-- DATASET CONTENT follows --

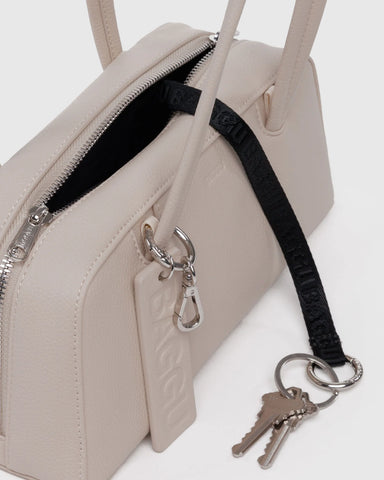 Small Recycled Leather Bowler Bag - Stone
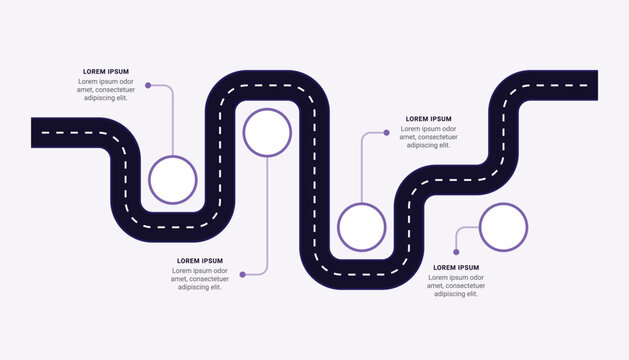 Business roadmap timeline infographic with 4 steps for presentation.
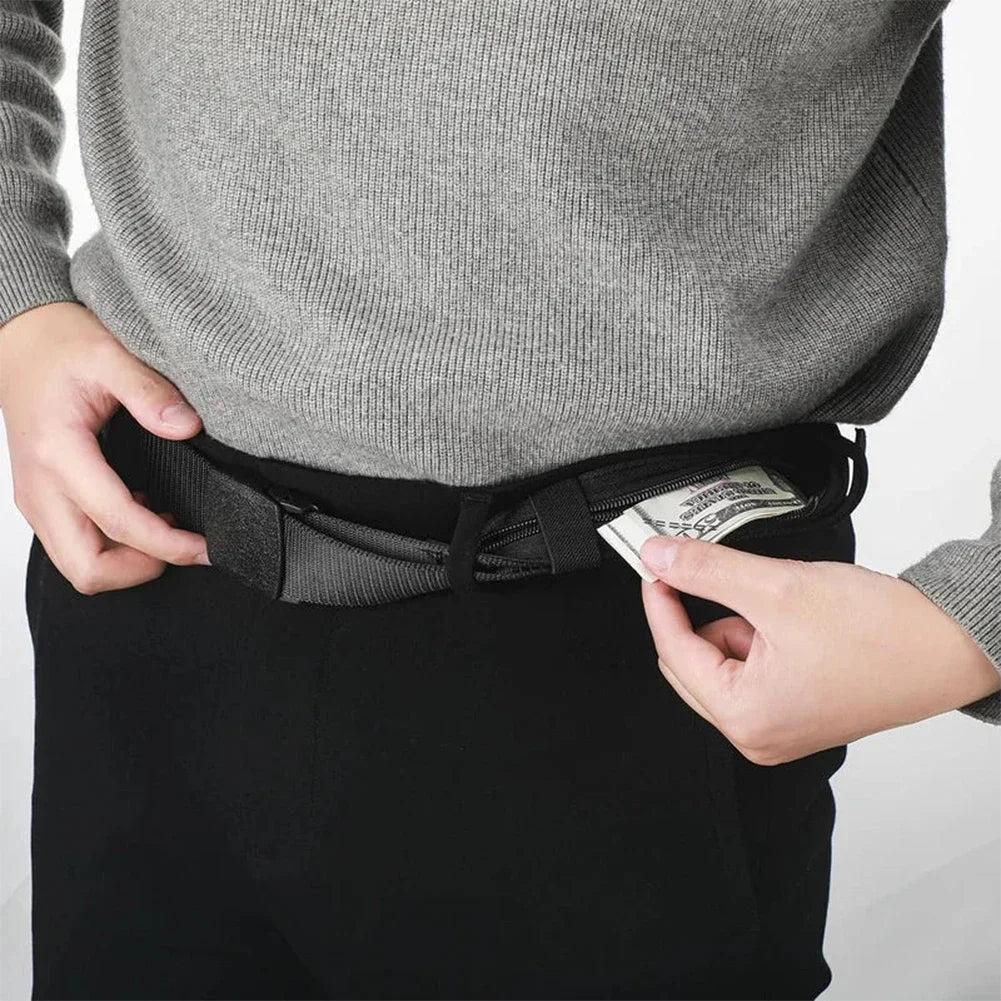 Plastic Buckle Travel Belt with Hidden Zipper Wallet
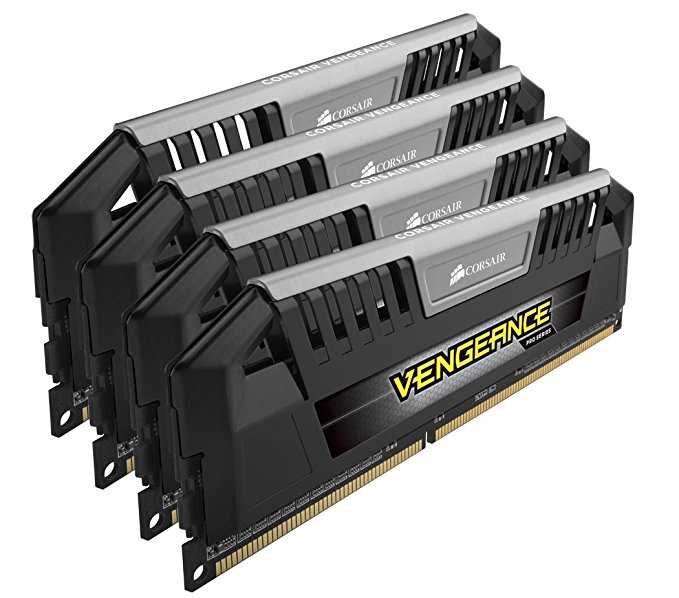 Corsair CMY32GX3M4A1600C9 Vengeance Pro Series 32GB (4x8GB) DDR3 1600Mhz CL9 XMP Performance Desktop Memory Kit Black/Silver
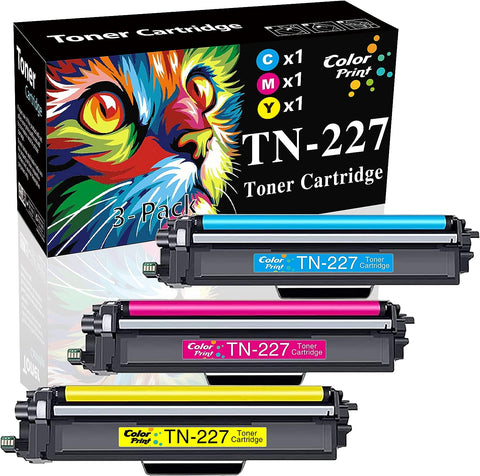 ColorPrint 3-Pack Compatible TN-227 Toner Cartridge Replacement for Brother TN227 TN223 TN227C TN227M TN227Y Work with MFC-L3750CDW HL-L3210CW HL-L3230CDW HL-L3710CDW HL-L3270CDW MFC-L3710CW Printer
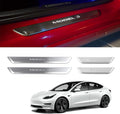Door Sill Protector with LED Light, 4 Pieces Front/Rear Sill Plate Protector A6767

-- DATASET CONTENT concluded --
-- DATASET CONTENT follows --

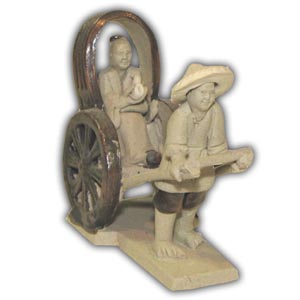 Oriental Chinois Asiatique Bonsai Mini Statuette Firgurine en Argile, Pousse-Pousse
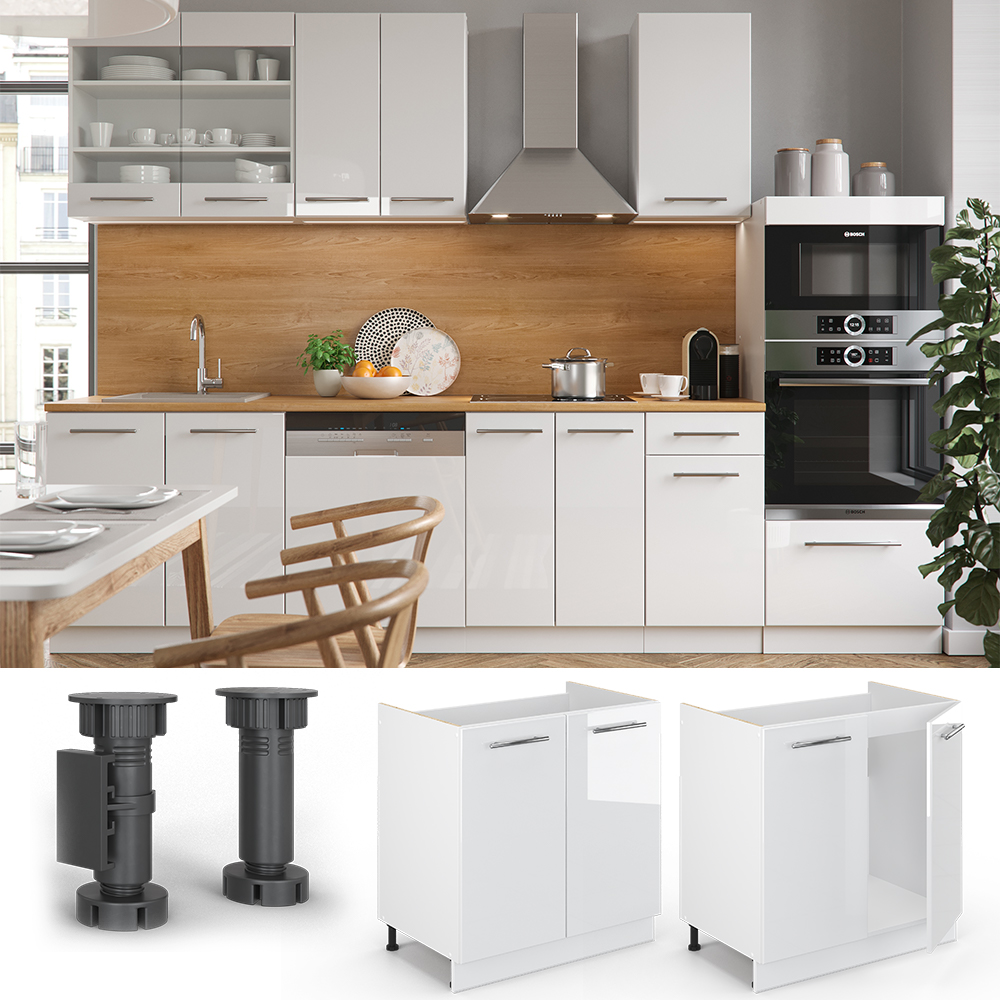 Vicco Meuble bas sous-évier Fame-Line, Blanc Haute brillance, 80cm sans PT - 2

-- DATASET CONTENT concluded --
-- DATASET CONTENT follows --

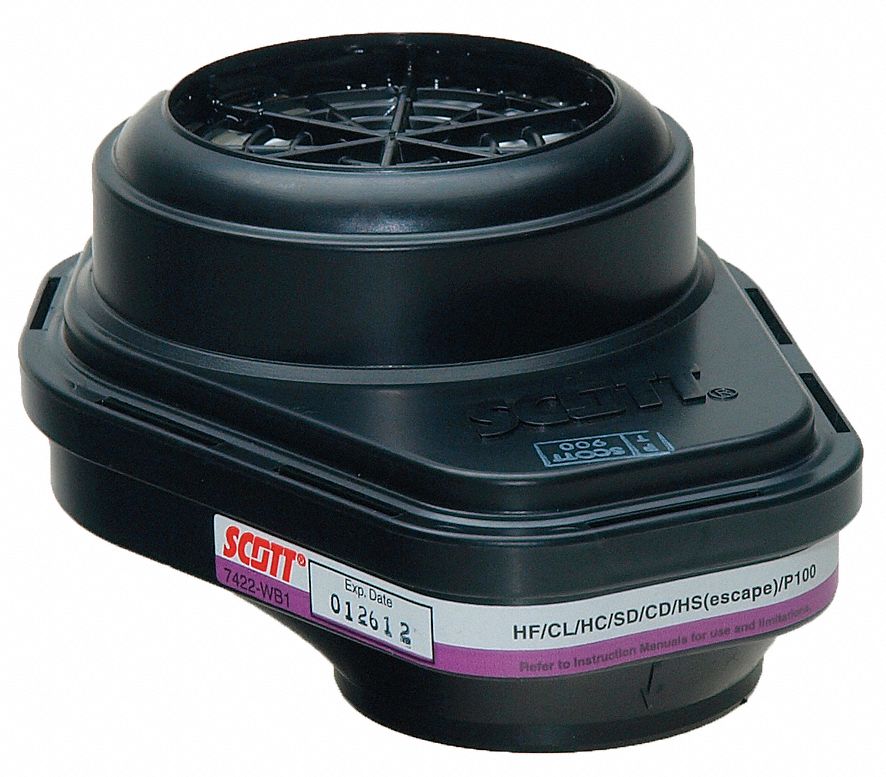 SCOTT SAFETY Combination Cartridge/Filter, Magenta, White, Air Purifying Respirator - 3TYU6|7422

-- DATASET CONTENT concluded --

**EXERCISE GOAL:** In the entries above, find the line with "Small Recycled Leather Bowler Bag - Stone" and the line with "Plastic Buckle Travel". Return exactly those lines and all the ones between them, pictures excluded.

**EXERCISE RESULT:**
 Small Recycled Leather Bowler Bag - Stone
 Business roadmap timeline infographic with 4 steps for presentation.
 Plastic Buckle Travel Belt with Hidden Zipper Wallet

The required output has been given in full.